How far are you willing to go to secure your equality?
I have to admit that I hesitated a little before picking this title up. The topic matter, combined with the author’s experience, could either have turned it into a naturally flowing, historically accurate fictional story that would give great insight into the suffragette movement (and in current discourses surrounding gender equality), or into a heavy to read, patronizing sermon of sorts.

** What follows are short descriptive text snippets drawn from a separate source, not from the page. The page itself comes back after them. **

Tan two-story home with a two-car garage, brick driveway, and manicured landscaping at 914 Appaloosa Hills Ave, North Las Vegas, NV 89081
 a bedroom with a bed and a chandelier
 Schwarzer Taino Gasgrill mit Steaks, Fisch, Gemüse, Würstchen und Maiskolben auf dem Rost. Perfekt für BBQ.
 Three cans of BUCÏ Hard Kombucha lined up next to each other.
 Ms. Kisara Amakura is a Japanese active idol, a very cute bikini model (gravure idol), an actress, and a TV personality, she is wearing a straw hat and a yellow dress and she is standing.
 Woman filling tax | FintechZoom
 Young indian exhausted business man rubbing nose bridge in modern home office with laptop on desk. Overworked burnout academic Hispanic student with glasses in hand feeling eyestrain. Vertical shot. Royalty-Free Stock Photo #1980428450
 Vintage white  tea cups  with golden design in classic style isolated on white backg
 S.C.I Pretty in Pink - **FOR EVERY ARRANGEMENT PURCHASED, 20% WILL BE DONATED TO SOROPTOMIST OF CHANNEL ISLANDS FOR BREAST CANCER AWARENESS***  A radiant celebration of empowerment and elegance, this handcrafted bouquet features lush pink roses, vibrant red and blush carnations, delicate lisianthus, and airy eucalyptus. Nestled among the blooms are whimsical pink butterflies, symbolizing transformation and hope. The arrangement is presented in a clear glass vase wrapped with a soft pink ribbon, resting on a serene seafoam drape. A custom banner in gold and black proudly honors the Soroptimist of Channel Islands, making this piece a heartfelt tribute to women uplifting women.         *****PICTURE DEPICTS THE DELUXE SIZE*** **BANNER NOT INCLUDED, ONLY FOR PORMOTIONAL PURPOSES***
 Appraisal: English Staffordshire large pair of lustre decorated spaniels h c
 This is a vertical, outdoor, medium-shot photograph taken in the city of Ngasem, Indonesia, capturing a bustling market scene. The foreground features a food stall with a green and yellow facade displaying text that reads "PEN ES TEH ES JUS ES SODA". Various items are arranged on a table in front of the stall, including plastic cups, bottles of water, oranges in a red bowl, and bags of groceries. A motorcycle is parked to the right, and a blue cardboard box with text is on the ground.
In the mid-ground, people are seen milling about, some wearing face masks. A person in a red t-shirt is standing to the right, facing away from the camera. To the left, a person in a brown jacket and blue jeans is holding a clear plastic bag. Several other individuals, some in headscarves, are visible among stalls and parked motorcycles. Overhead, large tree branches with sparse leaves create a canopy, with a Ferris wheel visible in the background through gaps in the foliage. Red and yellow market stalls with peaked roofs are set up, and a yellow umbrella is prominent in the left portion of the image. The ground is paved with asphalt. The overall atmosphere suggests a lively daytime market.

While I cannot vouch for the historical accuracy of the events in L. Davis’ Emmy Nation, Undercover Suffragette, I can vouch that it is an engaging, easy-to-read, entertaining, and informative book that can potentially contribute to any readers’ reflections on the topic of gender equality. At the heart of the novel is Emmy, a strong young woman who makes a life choice unheard of at the time for someone in her position (I’m purposefully keeping this information vague). Everything else is almost coincidental; it’s the natural environment within which we follow this character’s development.
Of course it helps that Emmy’s life takes an exciting turn when she is asked to go undercover and find out more about the suffragette movement. We discover through her what the movement looks like, that its primary discourse is, how the women involved in it were treated, and what they went through. There are some parts of the book that are a little weighed down by full speeches and articles spanning a couple of pages; but although a little awkward at times, it does so much to advance the main plot of the book that ultimately, these additions become welcome.
In an era where women are objectified, when female leaders are misrepresented in the media, and a woman’s allegations of rape are barely taken seriously even when there is evidence, going back to some of the initial steps in the movement towards the equality of men and women might allow us to shake away all distractions and remain focused on the ultimate goal.